Take Advantage of Resources

The investment community is full of veteran entrepreneurs who are willing to help new landlords get started. Additionally, there are several professional resources available. You can use landlord software to streamline your renting process or talk to a lawyer for help shoring up your lease agreement. Work with real estate agents who have a feel for the market and get to know local repair contractors, so you know who to call if your property needs help. Work with financial advisors to create an investment goal or hire a tax agency to help you retain documents and file properly at the end of the year.

All of these resources are at your fingertips— you just have to be willing to take those first steps in setting up appointments or consultations.

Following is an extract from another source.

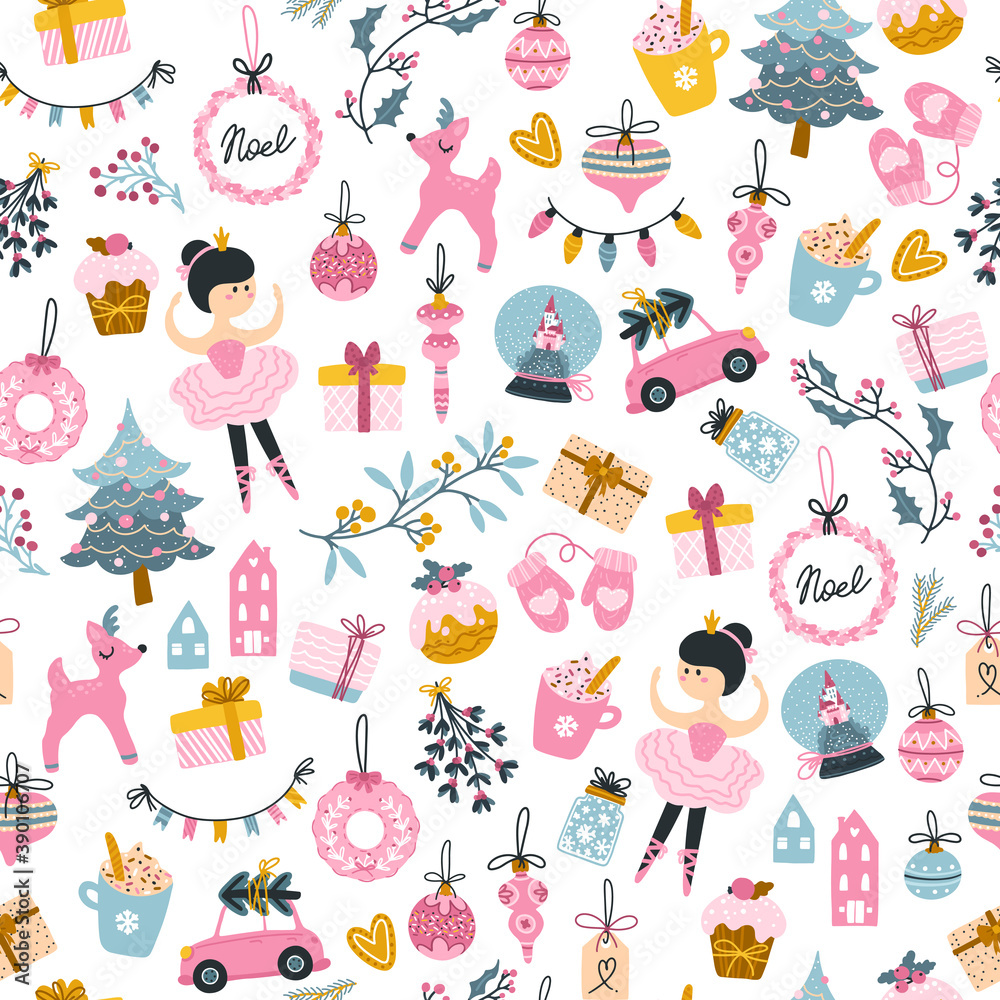 Christmas tree, ballerina, and gifts boxes seamless pattern. Holiday details Vector illustration in childish hand-drawn Scandinavian style. Limited pink pastel palette perfect for girly print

Prepare to Expand Your Investment

If your first property is a success, you will start to accumulate what is called a debt-service ratio. This is a way to calculate the success of your investment and to qualify for better financing options moving forward, like DSCR loans. Using a DSCR calculator, you can check in on whether you are pulling a profit from your property and if it’s enough to invest in more. Most lenders want to see a DSCR of 1.25 or higher and a credit score of 680 before they’ll offer DSCR loans. However, once you reach that point and expand your investments, you will start to see higher returns.

Keep All Records

Finally, you want to have a plan to safely store all of your records. From the purchase of the home to receipts for renovation materials, keep every bill, statement, and receipt you receive that is related to the property. Most of these business expenses can be used for tax breaks and deductions, but you have to hold onto records for several years in case you ever get chosen for an audit. If you have electronic records, be sure to keep at least one other backup in case something happens to your hard drive or your files get corrupted. Always be overly cautious when protecting business documents, especially your copies of any agreements.

These records can protect you in the event of a tenant disagreement or random IRS audit. You want to always be sure you follow local and federal regulations for your properties and maintain proof of communication and action on your part when something like repairs are required.

Wrapping Up

Real Estate investment is one of the top investment markets in 2023. Even in unsteady economies, it is more stable to invest in property than in something like stocks. Just be sure to do your research ahead of time and have a business plan in place for managing your properties. Good luck!